• _Required action_
What are the lines, word for word, from the line with "Casa Grande (170" up to and including the line with "11 Reef Boulevard, Drummond Cove WA 6532" in the records below? Omit the pictures.

• _Given data_

+++

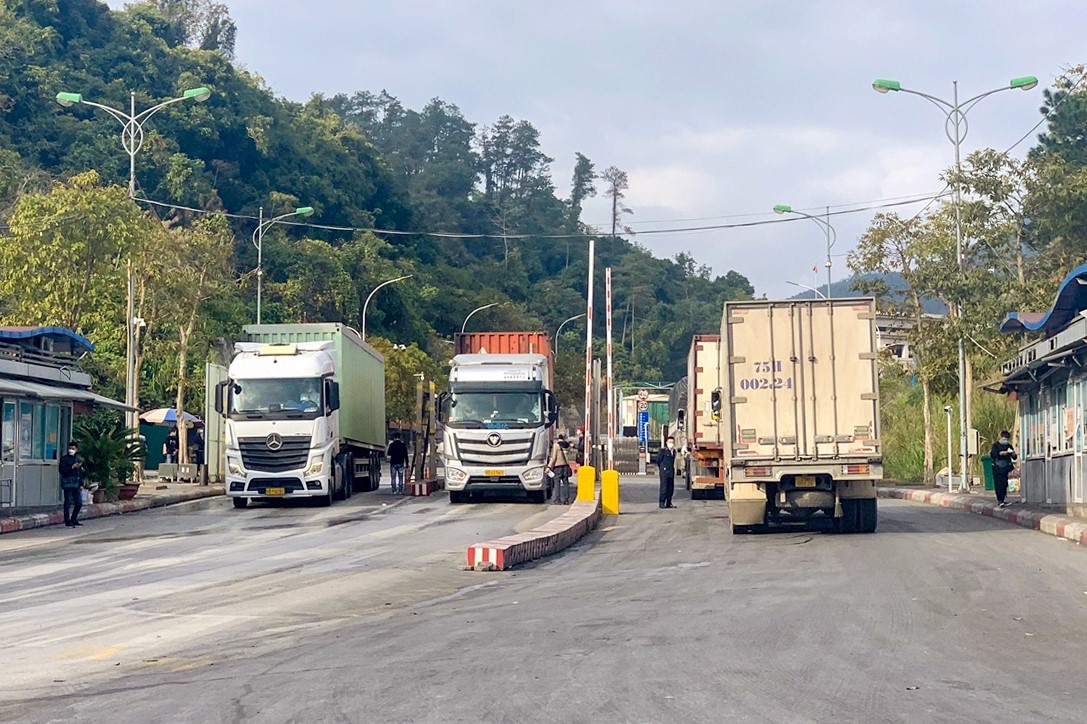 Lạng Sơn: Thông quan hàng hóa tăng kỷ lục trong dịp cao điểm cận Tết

+++

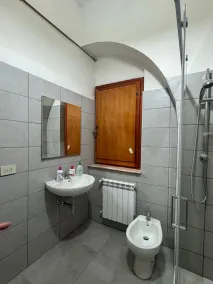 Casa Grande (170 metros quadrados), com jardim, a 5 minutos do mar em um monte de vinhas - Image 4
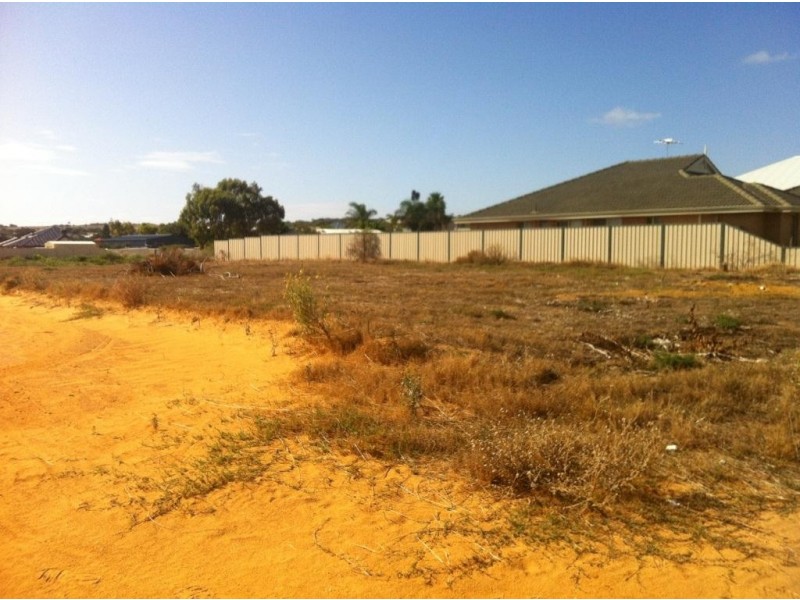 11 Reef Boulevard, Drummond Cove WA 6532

+++

• _Reply to the task_
 Casa Grande (170 metros quadrados), com jardim, a 5 minutos do mar em um monte de vinhas - Image 4
 11 Reef Boulevard, Drummond Cove WA 6532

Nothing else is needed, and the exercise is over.